■ **EXERCISE PROMPT**
From the first line to the last, restate the data exactly, leaving out the images.

■ **GIVEN MATERIAL**
------
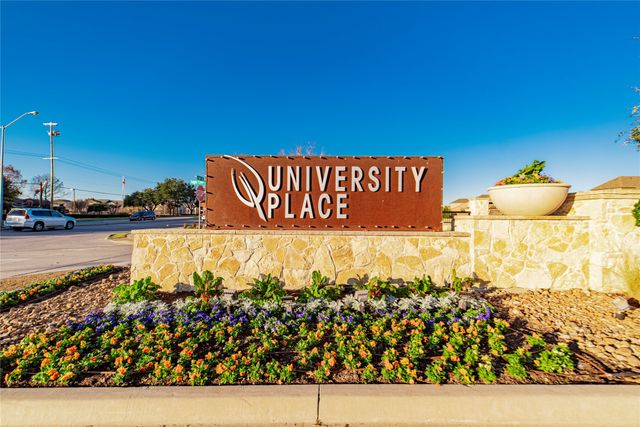 7935 Sarahville Drive, Dallas, TX 75252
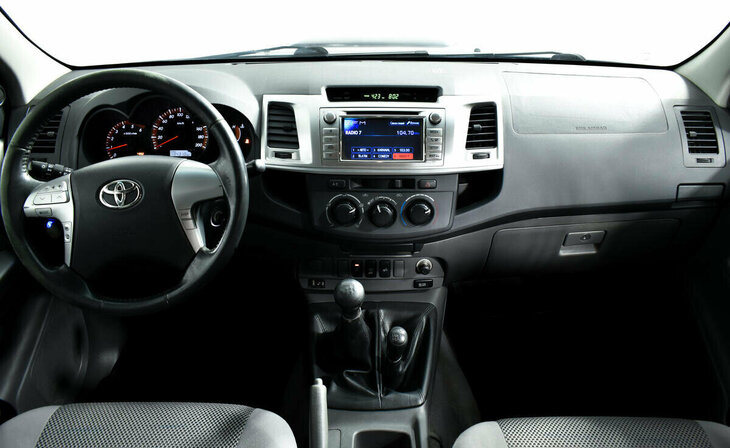 Toyota Hilux - Фото 5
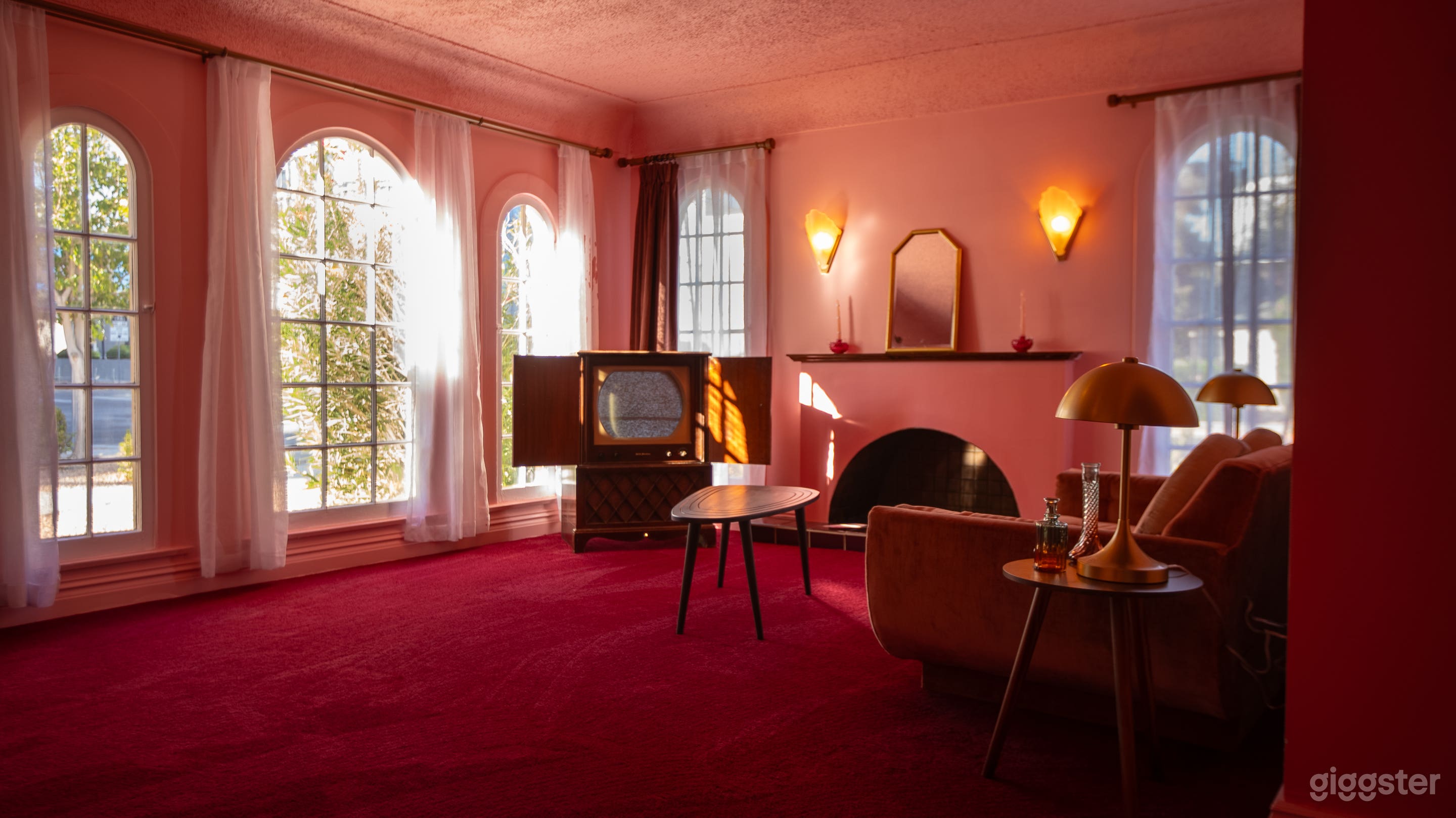 A 1930's Downtown Vintage Gem. Photo 1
------
■ **TASK SOLUTION**
 7935 Sarahville Drive, Dallas, TX 75252
 Toyota Hilux - Фото 5
 A 1930's Downtown Vintage Gem. Photo 1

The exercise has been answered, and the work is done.